Kurt Hirschfeld, a resident of Livonia, Michigan, died on June 20th, 2026 at the age of 101. Funeral services arranged by The Dorfman Chapel.

Kurt was born in Berlin, Germany, May 17, 1925. Both of Kurt’s parents, as well as all four of his sisters, died at the hands of the Nazi’s. Kurt had an older brother, Martin, that escaped Germany and ended up raising a family in Argentina.
Kurt survived the Auschwitz death camp (01/1943 to 01/1945), and the death march back into Germany in January 1945. Kurt’s liberation came on Apri 10, 1945, as the U.S. Third Army, 6th Armored Division,under the command of General George Patton, approached the Buchenwald death camp. At the time of liberation, Kurt was 19 years old and weighed 67 pounds.
After several months of rehabilitation at the Deggendorf displaced persons (DP) camp in Bavaria, Kurt volunteered to work as an intelligence officer with the U.S. Army’s Counterintelligence Corps (CIC). Kurt’s spy work in the local towns led to the arrests of several high-ranking NAZI/SS officers in hiding. Prior to leaving for America in 1947, Kurt received a field promotion to Captain (non-commissioned) and oversaw a detention camp that housed prisoners detained by the CIC.

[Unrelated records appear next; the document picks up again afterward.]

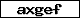 Verification code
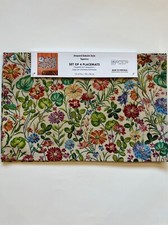 Emme Tapestry 4 Placemats WILD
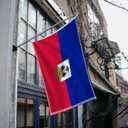 BENIX Haitian Flag 3x5ft, Durable 210D Nylon Haitianan Flag for Outdoor Display, Vivid Colors, Fade-Resistant, Heavy-Duty with Brass Grommets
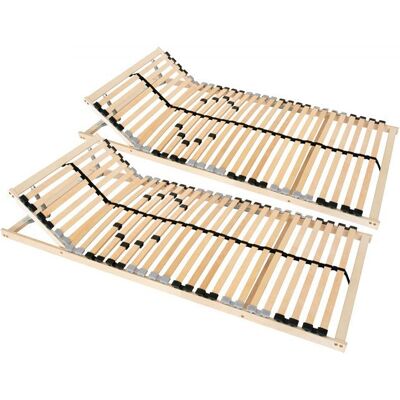 Coemo Partner-Set Lattenrost 90 x 200 cm Coemo Partner-Set Lattenrost 90 x 200 cm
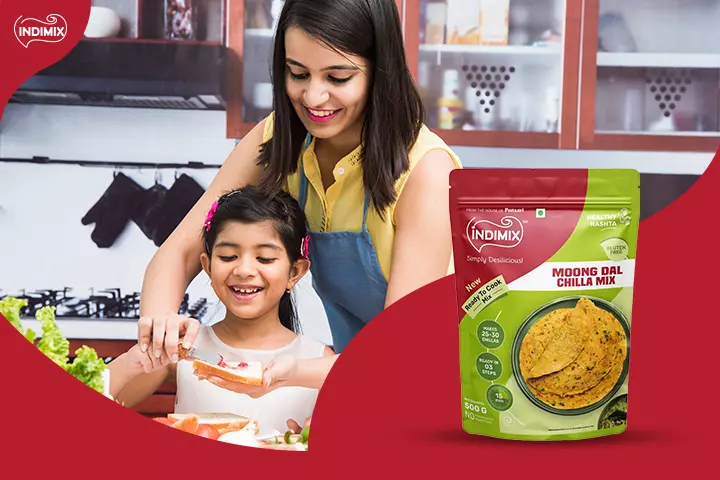 INDIMIX Ready-to-Cook Food Caters To The Indian Taste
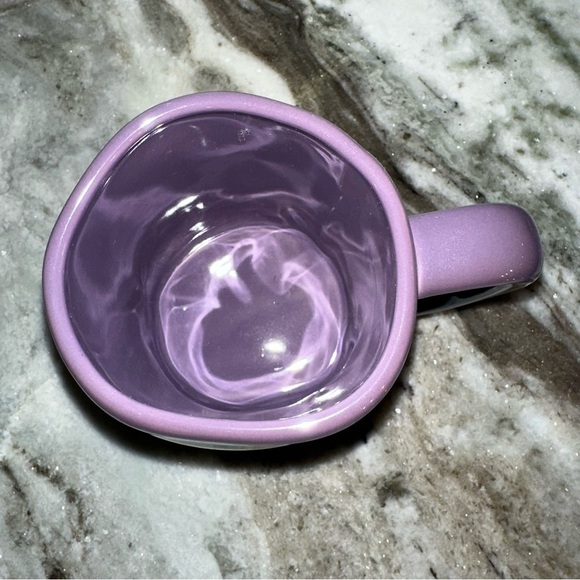NEW Rae Dunn Iridescent Purple Drink Up Witches Mug - Halloween 2024 RARE 👻💜 - Picture 3 of 4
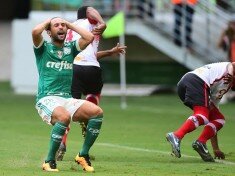 palmeiras perde para o Linense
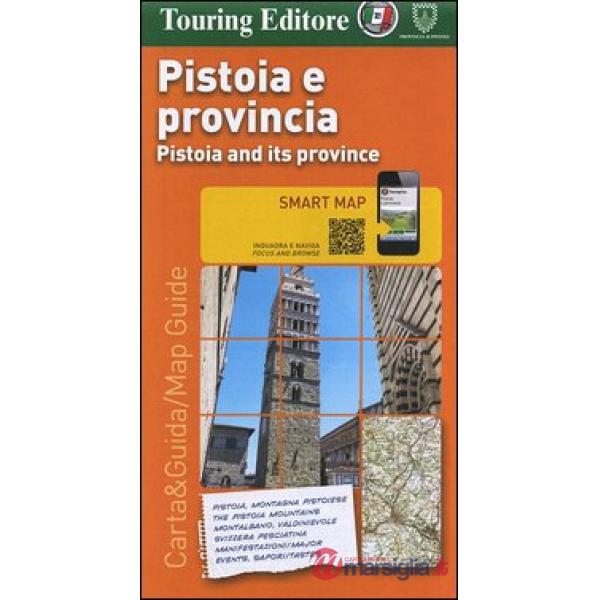 Pistoia e provincia 1:175.000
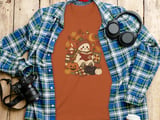 Cozy Reading Ghost Tee or Sweatshirt thumbnail 9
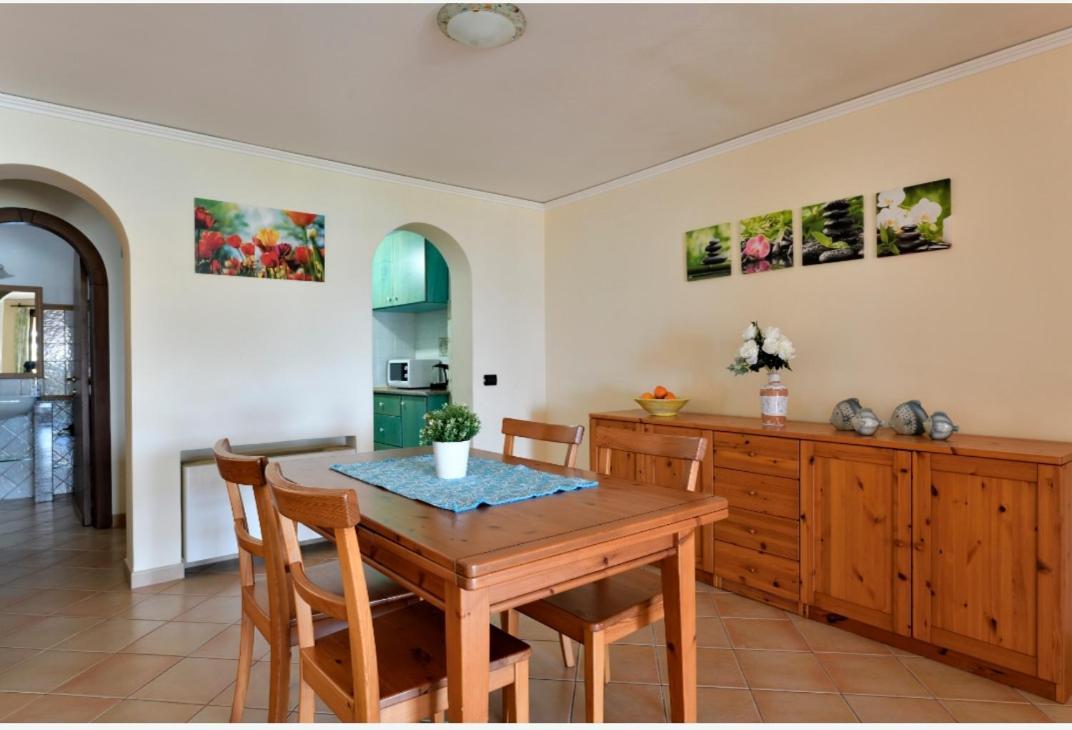 فيلا Porto Frailis Arbatax Casa Vista Mare المظهر الخارجي الصورة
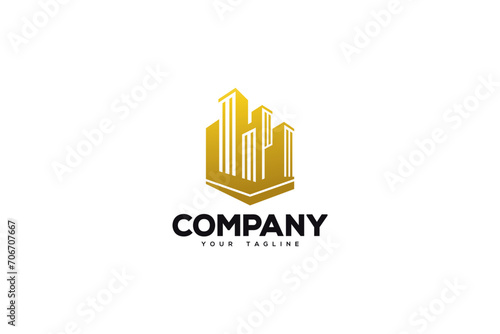 Real Estate Logo Design - Building Logo Design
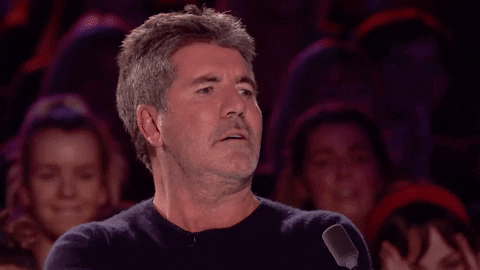 Simon Cowell Reaction GIF by Top Talent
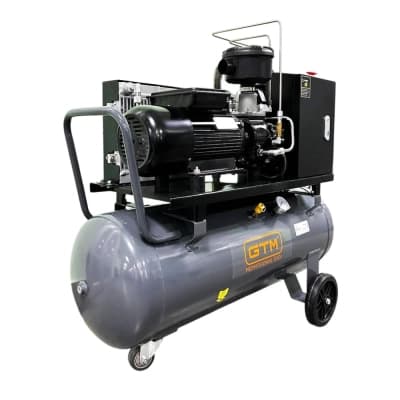 Компресор GTM 100л, 350л/хв, 3кВт, 8бар, 380V (DLG3V 380)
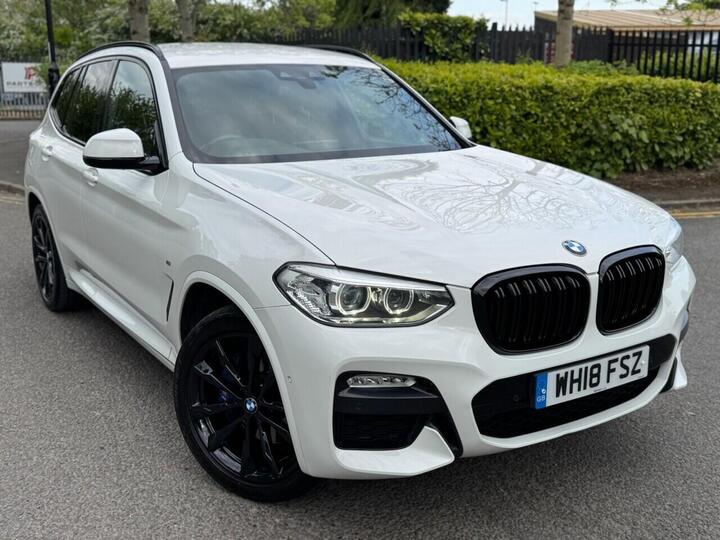 BMW X3 2.0 20d M Sport Auto XDrive Euro 6 (s/s) 5dr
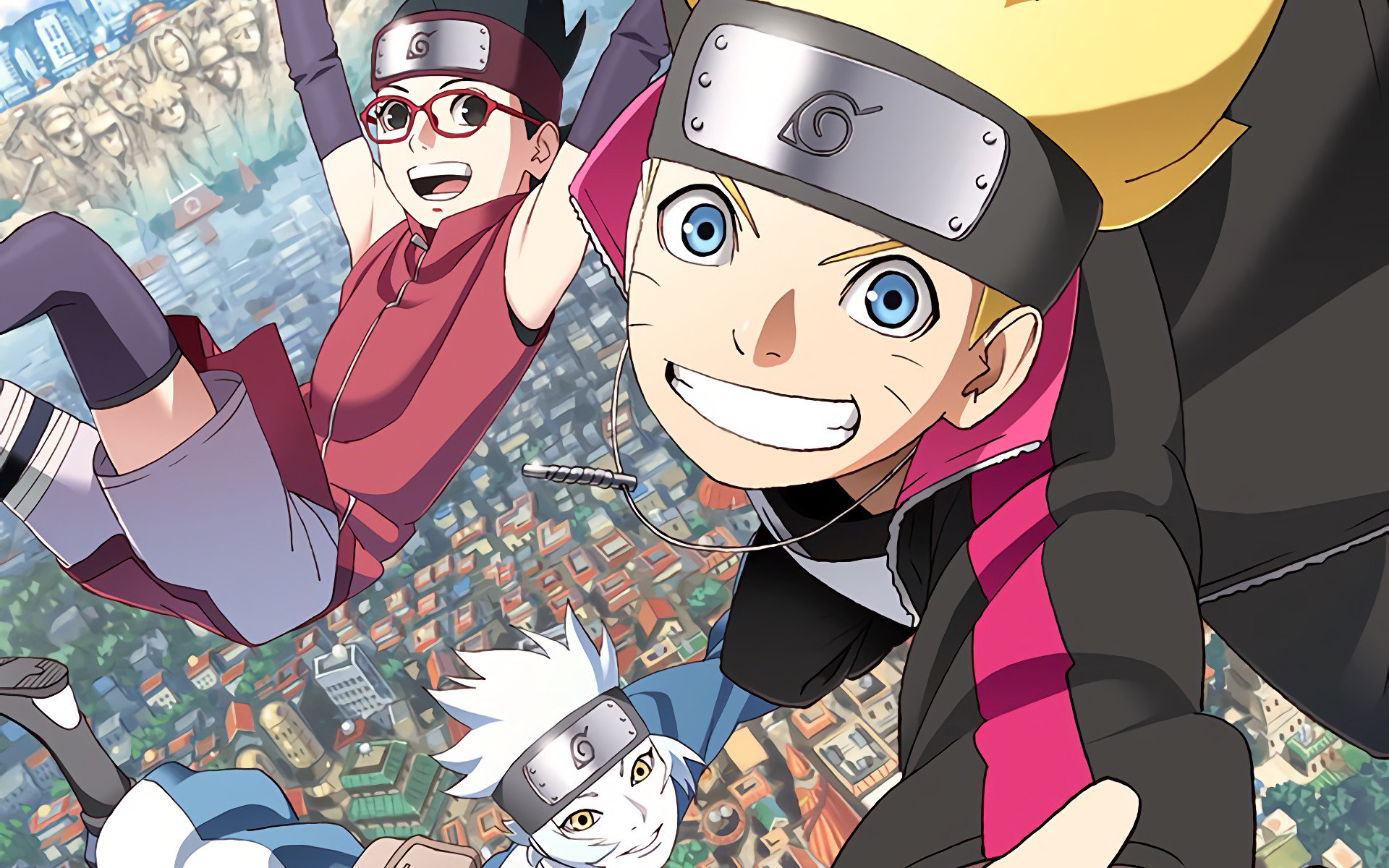 Download Hd Boruto - Boruto Wallpapers Hd - HD Wallpaper 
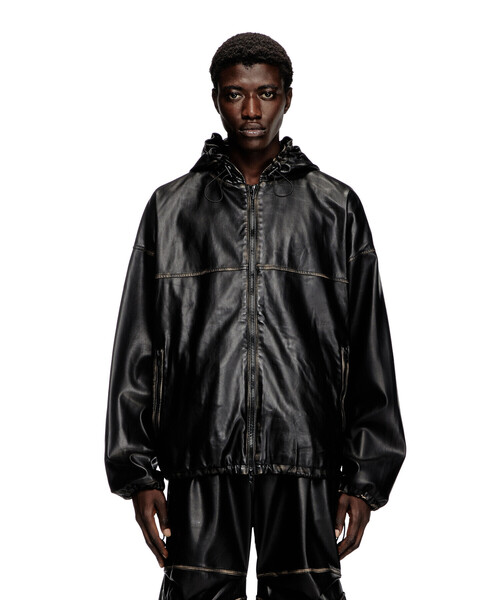 セール】メンズ ジップアップジャケット J-ANTIL（ブルゾン）｜DIESEL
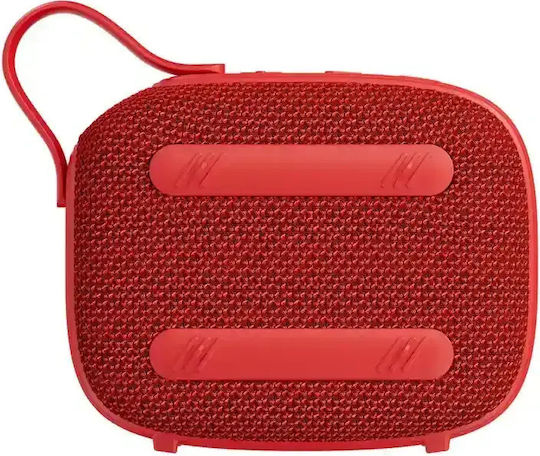 SP3 Ηχείο Bluetooth 5W με Διάρκεια Μπαταρίας έως 16 ώρες Κόκκινο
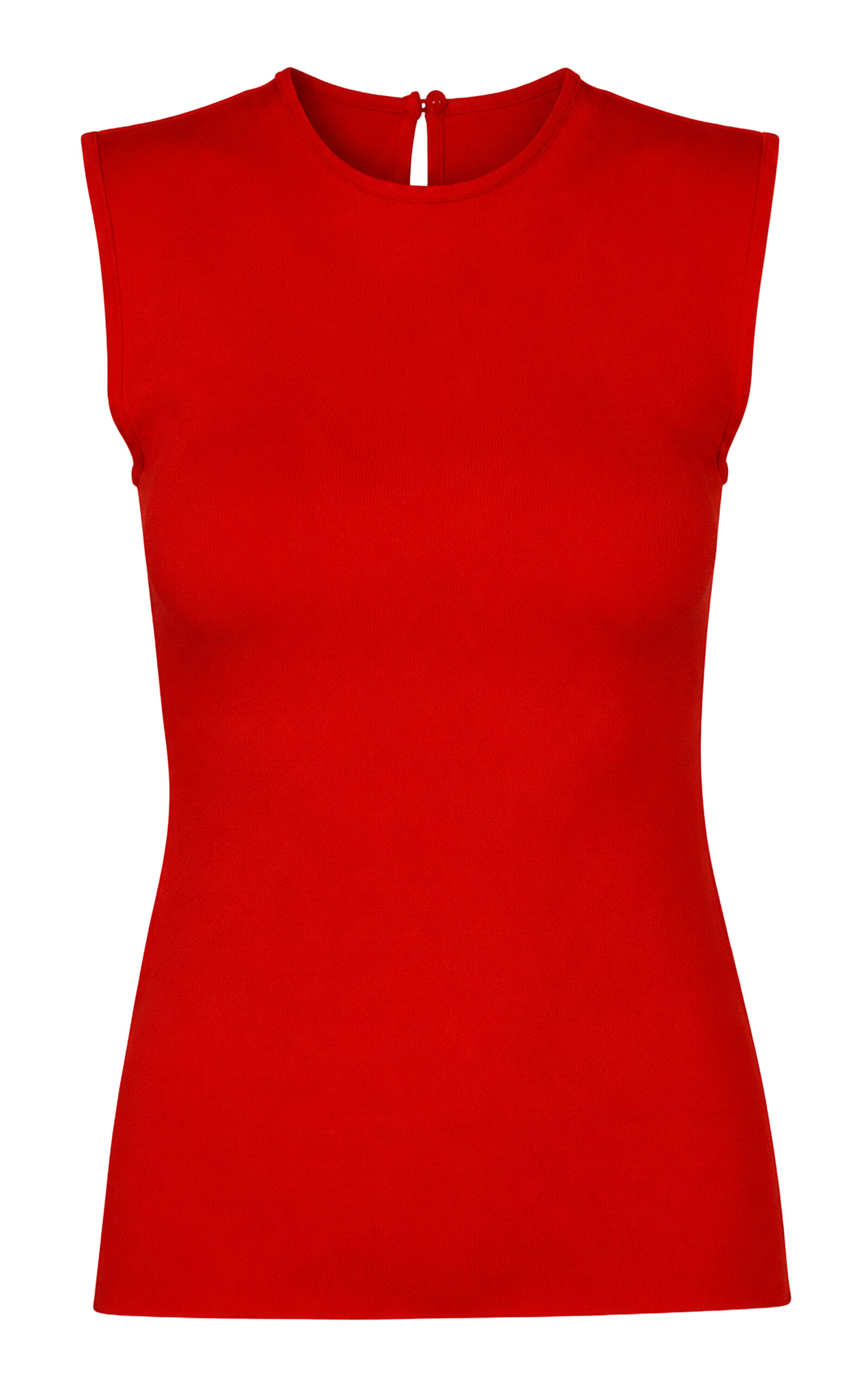 Pepa Pombo Plaza Top In Coral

Kurt immigrated to the United States (New York City) in 1947, where he met up with Wilma Poculla, a friend he had first met in the Deggendorf DP Camp. Wilma was also from Berlin and had survived the Theresienstadt death camp in occupied Czechoslovakia. They married in 1948 and their marriage lasted until Wilma’s passing in 2003. They moved to Detroit in 1953, where Kurt found work in both auto and aerospace industries as a toolmaker and precision lathe hand.